What is required:
Take the material below and extract the lines from the one with "Tesla a prezentat" through the one with "فيلة Puerto Del", word for word, without pictures.
● ● ● ●
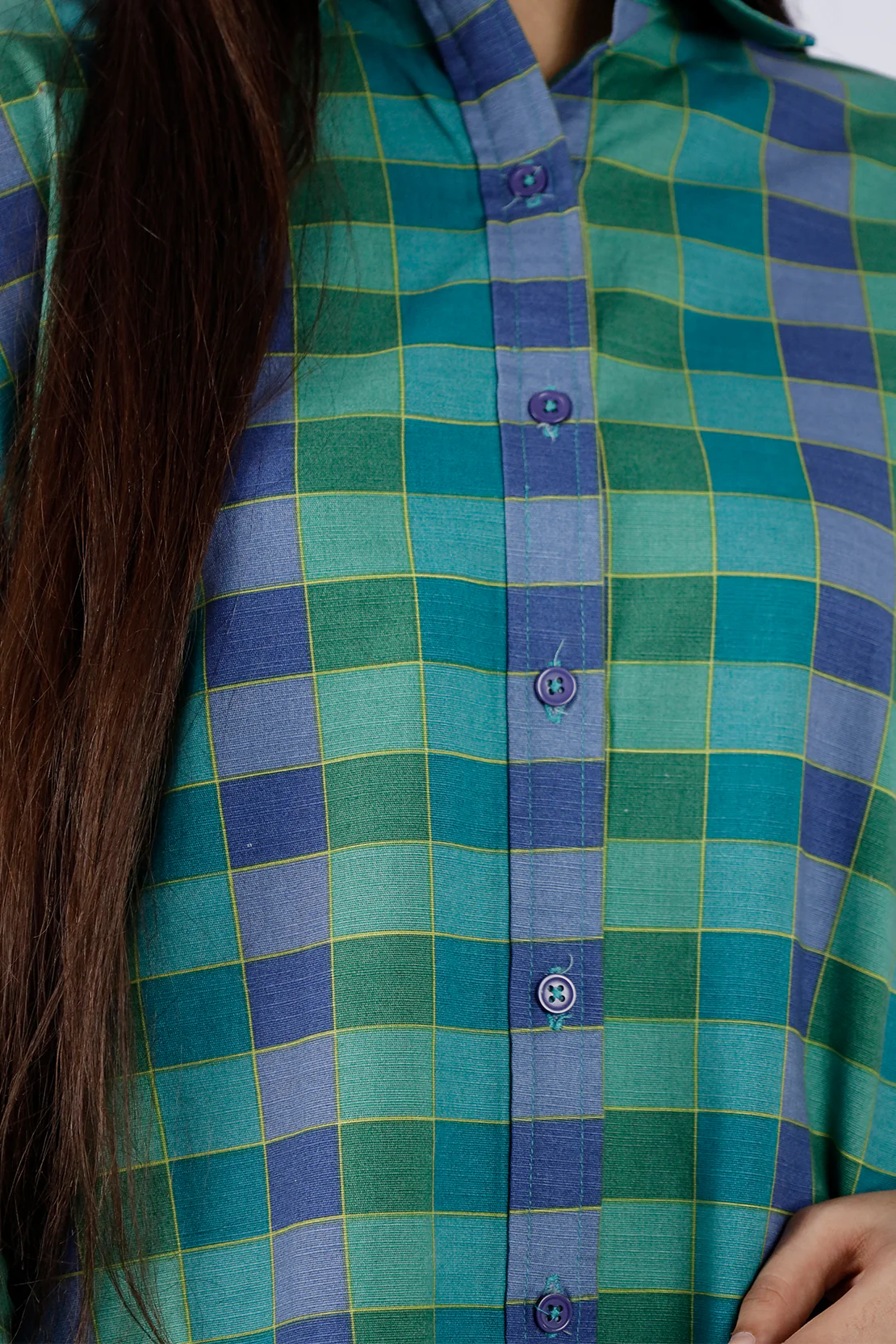 Printed Khaddar Stitched 2 Piece (Shirt/Trouser) - Image 4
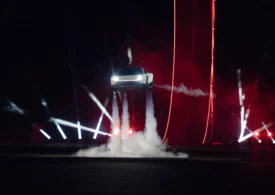 Tesla a prezentat modelul Roadster. În varianta de echipare Rocket, mașina poate "zbura" <span style="color:#990000;">(Video)</span>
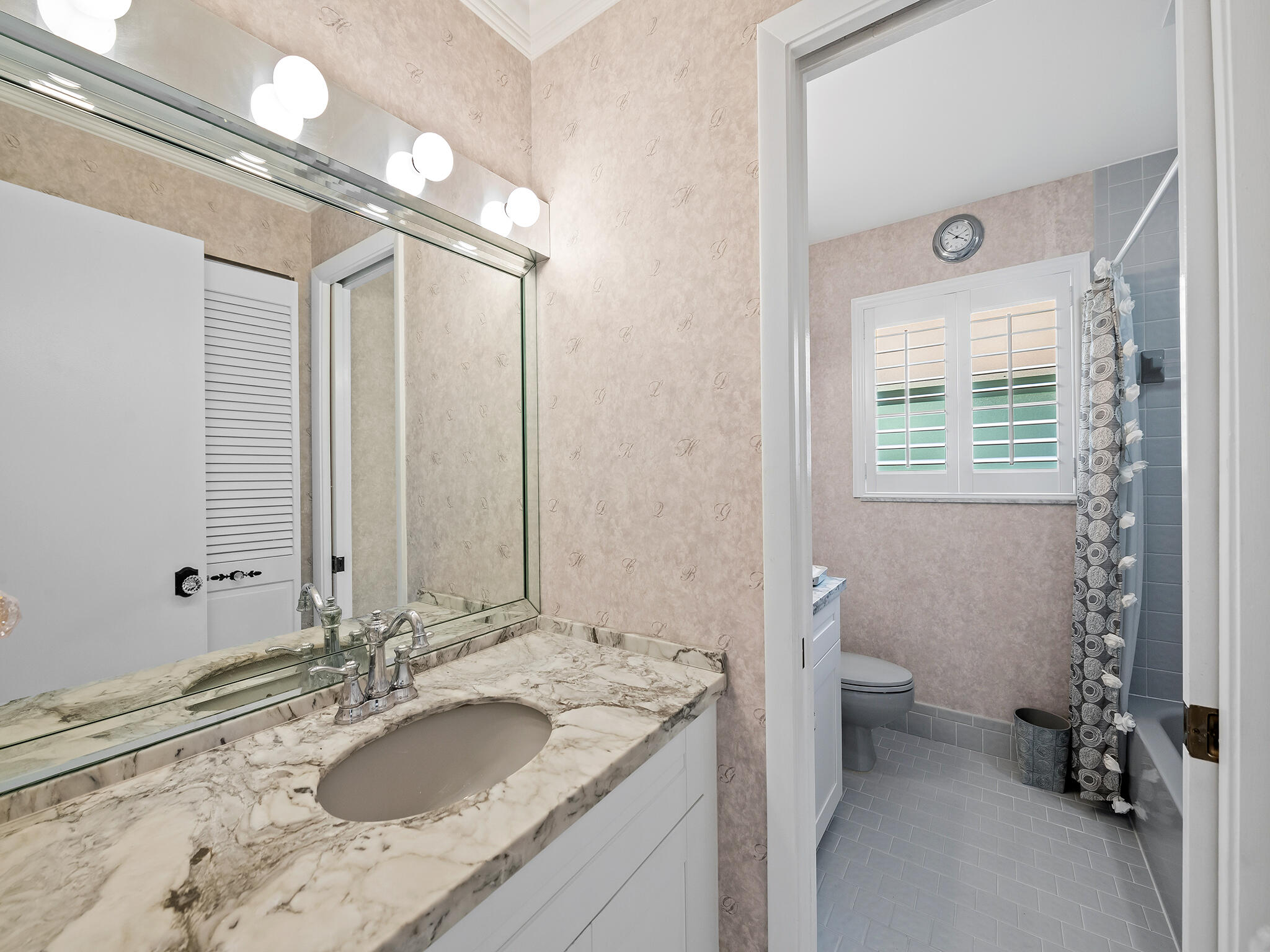 PINE LAKE RIDGE REPLAT - Residential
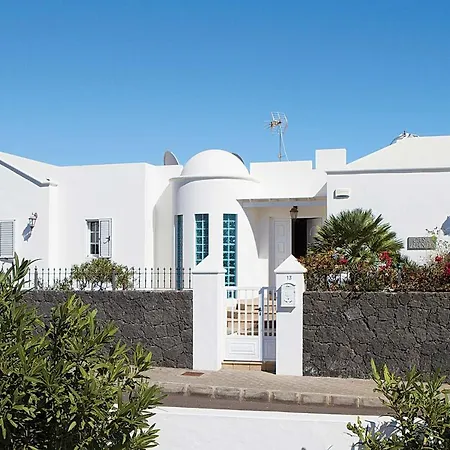فيلة Puerto Del Carmen Sleeps 8 Air Con Wifi بويرتو ذيل كارمين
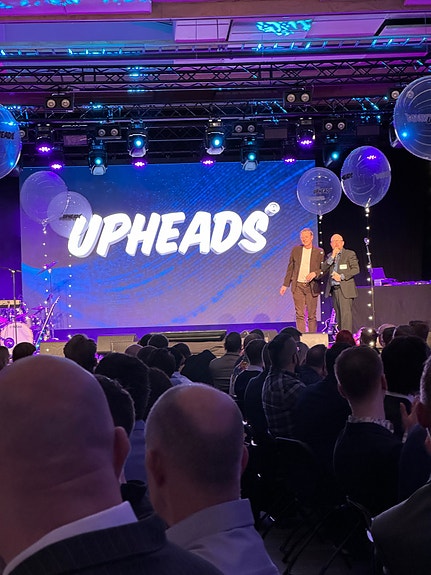 Vi arrangerer årsfester med pomp og prakt.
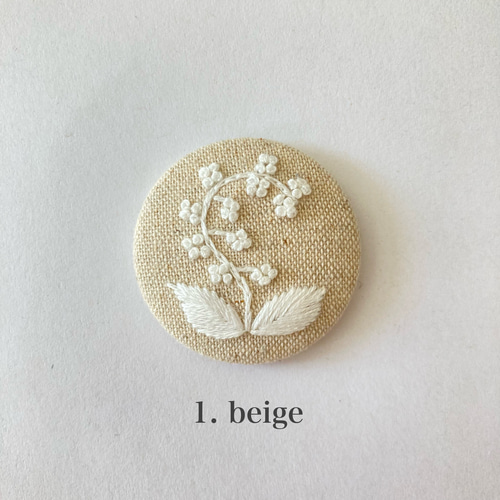 【専用】ハンドメイド　刺繍ブローチ　ヘアゴム 5eeca8e8254f38c7ee34637e9177d6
● ● ● ●
The completed task:
 Tesla a prezentat modelul Roadster. În varianta de echipare Rocket, mașina poate "zbura" <span style="color:#990000;">(Video)</span>
 PINE LAKE RIDGE REPLAT - Residential
فيلة Puerto Del Carmen Sleeps 8 Air Con Wifi بويرتو ذيل كارمين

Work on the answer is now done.